**Problem to solve**:
Report back every line below that carries the word "Lemon".

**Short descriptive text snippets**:
------------------------------------

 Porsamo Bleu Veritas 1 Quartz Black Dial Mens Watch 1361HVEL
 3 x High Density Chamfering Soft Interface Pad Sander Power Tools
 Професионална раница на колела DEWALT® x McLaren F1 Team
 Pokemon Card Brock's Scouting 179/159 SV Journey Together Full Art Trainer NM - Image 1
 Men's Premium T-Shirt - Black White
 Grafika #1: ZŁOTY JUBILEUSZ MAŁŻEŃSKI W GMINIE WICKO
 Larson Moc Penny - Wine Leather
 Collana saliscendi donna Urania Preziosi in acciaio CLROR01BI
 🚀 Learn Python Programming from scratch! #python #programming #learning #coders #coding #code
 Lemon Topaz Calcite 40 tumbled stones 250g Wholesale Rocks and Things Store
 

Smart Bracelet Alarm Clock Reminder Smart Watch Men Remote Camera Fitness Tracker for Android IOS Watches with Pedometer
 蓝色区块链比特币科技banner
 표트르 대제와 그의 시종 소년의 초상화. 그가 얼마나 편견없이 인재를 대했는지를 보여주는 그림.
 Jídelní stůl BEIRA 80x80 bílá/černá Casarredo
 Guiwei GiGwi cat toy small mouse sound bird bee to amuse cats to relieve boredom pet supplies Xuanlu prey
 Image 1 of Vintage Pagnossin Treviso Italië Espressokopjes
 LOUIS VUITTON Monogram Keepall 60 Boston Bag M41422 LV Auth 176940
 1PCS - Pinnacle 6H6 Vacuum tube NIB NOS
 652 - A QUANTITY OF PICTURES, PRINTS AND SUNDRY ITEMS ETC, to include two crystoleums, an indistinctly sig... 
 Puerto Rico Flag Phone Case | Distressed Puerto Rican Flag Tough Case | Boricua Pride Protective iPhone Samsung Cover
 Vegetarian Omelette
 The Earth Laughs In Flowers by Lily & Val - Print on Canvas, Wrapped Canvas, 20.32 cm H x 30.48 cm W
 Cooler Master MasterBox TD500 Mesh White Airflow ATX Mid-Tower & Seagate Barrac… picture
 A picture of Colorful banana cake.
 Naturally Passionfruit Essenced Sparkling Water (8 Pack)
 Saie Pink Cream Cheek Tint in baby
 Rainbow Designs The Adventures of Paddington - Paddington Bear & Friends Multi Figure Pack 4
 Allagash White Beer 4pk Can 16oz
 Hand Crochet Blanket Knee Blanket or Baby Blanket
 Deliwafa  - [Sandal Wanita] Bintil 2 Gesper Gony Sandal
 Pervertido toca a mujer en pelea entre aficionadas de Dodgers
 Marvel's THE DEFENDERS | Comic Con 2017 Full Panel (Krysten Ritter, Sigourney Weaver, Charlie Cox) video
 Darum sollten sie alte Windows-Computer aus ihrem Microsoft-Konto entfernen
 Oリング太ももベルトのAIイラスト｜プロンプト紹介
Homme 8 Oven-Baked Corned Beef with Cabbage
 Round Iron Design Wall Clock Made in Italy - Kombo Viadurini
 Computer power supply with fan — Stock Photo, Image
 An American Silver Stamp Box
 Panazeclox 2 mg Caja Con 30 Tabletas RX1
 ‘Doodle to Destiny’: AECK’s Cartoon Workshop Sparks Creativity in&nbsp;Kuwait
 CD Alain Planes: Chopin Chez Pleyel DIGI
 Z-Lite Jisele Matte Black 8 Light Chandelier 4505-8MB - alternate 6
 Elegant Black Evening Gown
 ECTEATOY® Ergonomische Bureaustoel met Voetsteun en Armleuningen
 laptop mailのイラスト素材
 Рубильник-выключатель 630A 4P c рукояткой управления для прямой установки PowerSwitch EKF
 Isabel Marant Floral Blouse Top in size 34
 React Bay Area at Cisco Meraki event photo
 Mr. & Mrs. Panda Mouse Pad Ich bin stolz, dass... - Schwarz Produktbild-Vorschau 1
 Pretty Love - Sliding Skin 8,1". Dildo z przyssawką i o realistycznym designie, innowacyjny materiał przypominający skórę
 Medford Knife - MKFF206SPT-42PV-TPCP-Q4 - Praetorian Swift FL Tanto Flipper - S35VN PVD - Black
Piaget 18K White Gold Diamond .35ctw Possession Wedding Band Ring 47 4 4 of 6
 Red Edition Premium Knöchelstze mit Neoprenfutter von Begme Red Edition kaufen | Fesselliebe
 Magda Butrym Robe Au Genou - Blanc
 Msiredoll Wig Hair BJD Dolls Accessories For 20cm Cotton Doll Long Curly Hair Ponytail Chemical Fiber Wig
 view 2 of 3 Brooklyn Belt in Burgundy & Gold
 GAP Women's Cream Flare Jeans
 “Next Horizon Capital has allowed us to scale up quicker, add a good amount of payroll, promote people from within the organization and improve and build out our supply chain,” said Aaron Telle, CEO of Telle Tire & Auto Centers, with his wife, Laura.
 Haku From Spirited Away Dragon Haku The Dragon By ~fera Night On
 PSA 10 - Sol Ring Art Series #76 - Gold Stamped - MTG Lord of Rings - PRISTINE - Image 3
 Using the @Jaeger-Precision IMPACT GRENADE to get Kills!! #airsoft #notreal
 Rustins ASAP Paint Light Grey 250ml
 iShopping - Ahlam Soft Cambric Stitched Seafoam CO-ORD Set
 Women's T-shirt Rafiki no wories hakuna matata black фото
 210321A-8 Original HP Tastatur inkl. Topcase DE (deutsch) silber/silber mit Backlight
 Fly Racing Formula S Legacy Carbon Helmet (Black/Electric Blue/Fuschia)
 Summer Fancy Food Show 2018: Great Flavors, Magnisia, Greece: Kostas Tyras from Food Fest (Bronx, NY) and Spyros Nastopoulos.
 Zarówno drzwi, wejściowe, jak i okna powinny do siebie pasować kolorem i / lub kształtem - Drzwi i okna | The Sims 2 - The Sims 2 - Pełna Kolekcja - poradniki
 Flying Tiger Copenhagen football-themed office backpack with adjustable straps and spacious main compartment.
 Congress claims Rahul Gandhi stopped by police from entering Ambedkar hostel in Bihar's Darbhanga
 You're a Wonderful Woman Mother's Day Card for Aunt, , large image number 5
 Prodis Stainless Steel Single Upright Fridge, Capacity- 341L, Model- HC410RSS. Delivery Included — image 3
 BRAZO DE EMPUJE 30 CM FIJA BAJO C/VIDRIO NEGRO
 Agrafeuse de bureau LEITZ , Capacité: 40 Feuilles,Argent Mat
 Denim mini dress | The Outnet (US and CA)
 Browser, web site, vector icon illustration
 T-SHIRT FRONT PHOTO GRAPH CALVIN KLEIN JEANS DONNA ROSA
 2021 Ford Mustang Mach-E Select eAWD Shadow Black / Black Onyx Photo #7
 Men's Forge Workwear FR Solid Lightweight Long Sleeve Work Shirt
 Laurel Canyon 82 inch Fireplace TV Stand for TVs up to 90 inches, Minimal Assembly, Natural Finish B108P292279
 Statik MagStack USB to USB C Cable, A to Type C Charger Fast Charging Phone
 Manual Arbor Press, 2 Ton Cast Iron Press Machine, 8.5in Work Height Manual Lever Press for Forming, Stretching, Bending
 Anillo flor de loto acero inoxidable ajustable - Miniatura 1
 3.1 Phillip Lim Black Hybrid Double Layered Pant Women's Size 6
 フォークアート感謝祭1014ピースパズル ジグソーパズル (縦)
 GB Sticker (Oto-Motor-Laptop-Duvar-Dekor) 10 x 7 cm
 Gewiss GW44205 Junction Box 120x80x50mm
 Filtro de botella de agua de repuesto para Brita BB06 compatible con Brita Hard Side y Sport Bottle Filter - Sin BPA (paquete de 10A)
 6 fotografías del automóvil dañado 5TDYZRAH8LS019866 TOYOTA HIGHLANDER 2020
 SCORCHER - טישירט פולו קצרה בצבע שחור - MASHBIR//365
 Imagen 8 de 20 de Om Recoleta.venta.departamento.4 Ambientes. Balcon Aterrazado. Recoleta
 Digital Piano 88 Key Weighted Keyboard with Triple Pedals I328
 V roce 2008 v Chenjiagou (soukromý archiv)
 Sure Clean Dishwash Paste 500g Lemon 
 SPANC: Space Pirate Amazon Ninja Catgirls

------------------------------------

**Answer space**:
 Lemon Topaz Calcite 40 tumbled stones 250g Wholesale Rocks and Things Store
 Sure Clean Dishwash Paste 500g Lemon 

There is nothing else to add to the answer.